Henrique Bolfarine
  • Home
  • Research
  • Teaching

Other Formats

  • RevealJS

Data Science for Business Applications

Author

Class 10 - Decision Trees

Decision Trees

  • Another predictive model
  • Decision Trees: Classification and Regression Trees (CART)
  • Trees are:
    • Flexible at capturing non-linearity and interactions
    • Don’t require scaling of variables
    • Handle categorical and numerical data
    • Fast
    • Interpretable

The Idea Behind Decision Trees

  • Create a flow chart for making decisions
    • How do we classify an individual?
  • But there are many decisions!
    • How many variables do we use?
    • How do we sort them?
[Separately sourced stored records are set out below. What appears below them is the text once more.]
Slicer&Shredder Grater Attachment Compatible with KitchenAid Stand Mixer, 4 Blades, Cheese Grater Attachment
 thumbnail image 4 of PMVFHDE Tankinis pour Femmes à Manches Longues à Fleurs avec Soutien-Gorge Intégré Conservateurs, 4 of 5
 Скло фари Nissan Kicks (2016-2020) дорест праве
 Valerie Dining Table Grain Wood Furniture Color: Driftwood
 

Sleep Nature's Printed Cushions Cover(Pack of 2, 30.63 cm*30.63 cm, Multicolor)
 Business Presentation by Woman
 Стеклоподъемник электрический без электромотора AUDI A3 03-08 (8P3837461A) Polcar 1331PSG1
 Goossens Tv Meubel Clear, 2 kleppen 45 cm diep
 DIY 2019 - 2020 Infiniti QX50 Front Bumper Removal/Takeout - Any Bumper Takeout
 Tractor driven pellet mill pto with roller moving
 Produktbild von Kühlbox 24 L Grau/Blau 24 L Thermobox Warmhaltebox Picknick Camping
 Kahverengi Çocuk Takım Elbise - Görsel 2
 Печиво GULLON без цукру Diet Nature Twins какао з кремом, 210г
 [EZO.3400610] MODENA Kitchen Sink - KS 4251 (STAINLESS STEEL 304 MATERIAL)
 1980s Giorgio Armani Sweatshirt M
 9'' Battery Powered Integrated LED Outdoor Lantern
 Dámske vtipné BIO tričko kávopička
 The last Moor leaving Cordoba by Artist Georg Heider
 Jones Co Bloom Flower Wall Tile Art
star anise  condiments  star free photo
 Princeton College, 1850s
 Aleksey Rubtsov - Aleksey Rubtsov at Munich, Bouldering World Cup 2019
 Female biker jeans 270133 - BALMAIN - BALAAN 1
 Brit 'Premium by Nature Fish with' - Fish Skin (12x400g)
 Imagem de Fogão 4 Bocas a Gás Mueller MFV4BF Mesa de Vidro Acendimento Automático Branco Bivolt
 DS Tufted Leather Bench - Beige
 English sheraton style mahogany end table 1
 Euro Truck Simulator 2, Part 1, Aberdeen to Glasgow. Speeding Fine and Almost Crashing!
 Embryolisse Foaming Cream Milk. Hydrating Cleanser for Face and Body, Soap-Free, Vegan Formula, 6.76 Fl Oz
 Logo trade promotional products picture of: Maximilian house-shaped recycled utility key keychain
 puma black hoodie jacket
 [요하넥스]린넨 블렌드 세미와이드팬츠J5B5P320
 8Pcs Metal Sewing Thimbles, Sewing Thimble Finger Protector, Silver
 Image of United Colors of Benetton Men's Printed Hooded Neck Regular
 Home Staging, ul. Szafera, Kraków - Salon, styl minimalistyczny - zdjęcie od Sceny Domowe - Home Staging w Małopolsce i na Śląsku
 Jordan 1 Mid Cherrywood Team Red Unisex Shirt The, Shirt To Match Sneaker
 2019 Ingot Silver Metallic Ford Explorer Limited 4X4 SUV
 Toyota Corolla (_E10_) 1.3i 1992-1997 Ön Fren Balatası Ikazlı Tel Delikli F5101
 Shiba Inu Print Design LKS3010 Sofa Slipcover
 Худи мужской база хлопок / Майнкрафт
In what order do we place them?
    • How do we split them?
    • How deep do we go?

The Idea Behind Decision Trees

  • The decision tree is always binary

  • Splits the data in two parts given a decision rule

  • Structure:

    • Root node (decision rule)
    • Internal nodes (decision rule)
    • Leaves (prediction)

Types of Decision Tree

  • We can use decision trees to perform:
    • Classification tasks (target variable is categorical)
      • Similar to logistic regression
    • Regression (target variable is numerical)
      • Works well on nonlinear data

Creating a Decision Tree

  1. Determine which variable and criteria we can use to split the data into two groups (binary) so that the two parts of the data are as different as possible from each other

  2. Within each group, repeat step 1

  3. Stop this process when we run out of variables, or splitting no longer helps us make better predictions

Creating a Decision Tree (Basically)

  1. Start at the root node

  2. Split by a variable that provides the most differentiation

  3. Stop splitting if you get pure leaves or pure enough (one class)

  4. Repeat for each node

  5. Assign the majority classification (or average outcome in regression)

Example - Disney+

  • Disney+ data:
    • city: Whether the customer lives in a big city or not
    • female: Whether the customer is female or not
    • age: Customer’s age (in years)
    • logins: Number of logins to the platform in the past week
    • mandalorian: Whether the person has watched the Mandalorian or not
    • unsubscribe: Whether they canceled their subscription or not
  • Let’s try to predict who will cancel their subscription

Predicting subscription

  • Since our outcome is binary, this is a classification task
  • We’ll start with two variables, city and mandalorian
  • Here’s a frequency table:
unsub_df = disney %>%
  filter(unsubscribe == "unsubscribe")

xtabs(~mandalorian + city, data = unsub_df) %>% 
  addmargins()
           city
mandalorian   no  yes  Sum
        no    22  152  174
        yes  183  995 1178
        Sum  205 1147 1352
stay_df = disney %>%
  filter(unsubscribe == "stay")

xtabs(~mandalorian + city, data = stay_df) %>% 
  addmargins()
           city
mandalorian   no  yes  Sum
        no   190 1101 1291
        yes  317 2040 2357
        Sum  507 3141 3648

  • For mandalorian:
Mandalorian Subscribers Unsubscribers Total % Unsubscribed
no 1291 174 1465 11.9%
yes 2357 1178 3535 33.3%
  • There’s a big difference in unsubscribe rates between those who watched and didn’t watch The Mandalorian.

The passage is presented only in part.